Vertical Stratification of Insect Species Developing in Water-Filled Tree Holes

Abstract

Forest ecosystems have a distinct vertical dimension, but the structuring of communities in this three-dimensional space is not well understood. Water-filled tree holes are natural microcosms structured in metacommunities. Here, we used these microcosms as model systems to analyze how insect communities and the occurrence and abundance of individual species are influenced by biotic and abiotic microhabitat characteristics, the vertical position of the tree hole, and stand-scale habitat availability. We found that both the characteristics of water-filled tree holes and their insect communities differ significantly between canopy and ground level.
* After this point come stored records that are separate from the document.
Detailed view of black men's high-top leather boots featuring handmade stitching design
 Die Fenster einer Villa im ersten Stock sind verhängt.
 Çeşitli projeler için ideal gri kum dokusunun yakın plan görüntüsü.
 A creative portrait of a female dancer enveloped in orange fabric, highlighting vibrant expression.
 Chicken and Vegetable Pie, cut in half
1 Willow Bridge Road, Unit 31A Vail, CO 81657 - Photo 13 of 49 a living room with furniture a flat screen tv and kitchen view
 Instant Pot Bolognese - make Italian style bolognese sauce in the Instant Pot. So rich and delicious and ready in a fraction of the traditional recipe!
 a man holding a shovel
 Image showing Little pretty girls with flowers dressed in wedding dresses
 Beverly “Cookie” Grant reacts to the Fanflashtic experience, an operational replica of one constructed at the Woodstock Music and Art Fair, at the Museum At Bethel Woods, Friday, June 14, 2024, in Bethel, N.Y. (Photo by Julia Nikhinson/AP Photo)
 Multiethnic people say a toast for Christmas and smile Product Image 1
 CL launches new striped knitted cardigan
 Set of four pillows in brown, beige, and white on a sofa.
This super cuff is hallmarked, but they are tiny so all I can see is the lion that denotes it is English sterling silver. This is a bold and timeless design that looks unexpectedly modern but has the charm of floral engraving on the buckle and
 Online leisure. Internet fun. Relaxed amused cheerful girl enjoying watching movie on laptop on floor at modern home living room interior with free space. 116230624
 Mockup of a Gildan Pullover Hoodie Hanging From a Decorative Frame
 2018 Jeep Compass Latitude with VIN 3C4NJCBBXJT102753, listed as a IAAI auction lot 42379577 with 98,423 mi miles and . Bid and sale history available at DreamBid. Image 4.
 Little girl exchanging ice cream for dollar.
Individual insect species showed contrasting responses to the vertical position of the tree holes when important environmental factors at the stand and the tree-hole scale were considered. While some species, such as the mosquito Aedes geniculatus and the beetle Prionocyphon serricornis, decreased in abundance with increasing tree-hole height, the biting midge Dasyhelea sp., the non-biting midge Metriocnemus cavicola and the hoverfly Myiatropa florea increased in abundance. Our results suggest that vertical stratification in forests is most likely driven not only by variation in tree-hole microhabitat properties, i.e., niche separation, but also by individual species traits, such as adult dispersal propensity, food preferences and mating behavior of adult stages, and interspecific competition of larval stages. Therefore, communities of insect species developing in tree holes are likely structured by competition–colonization trade-offs predicted by metacommunity theory.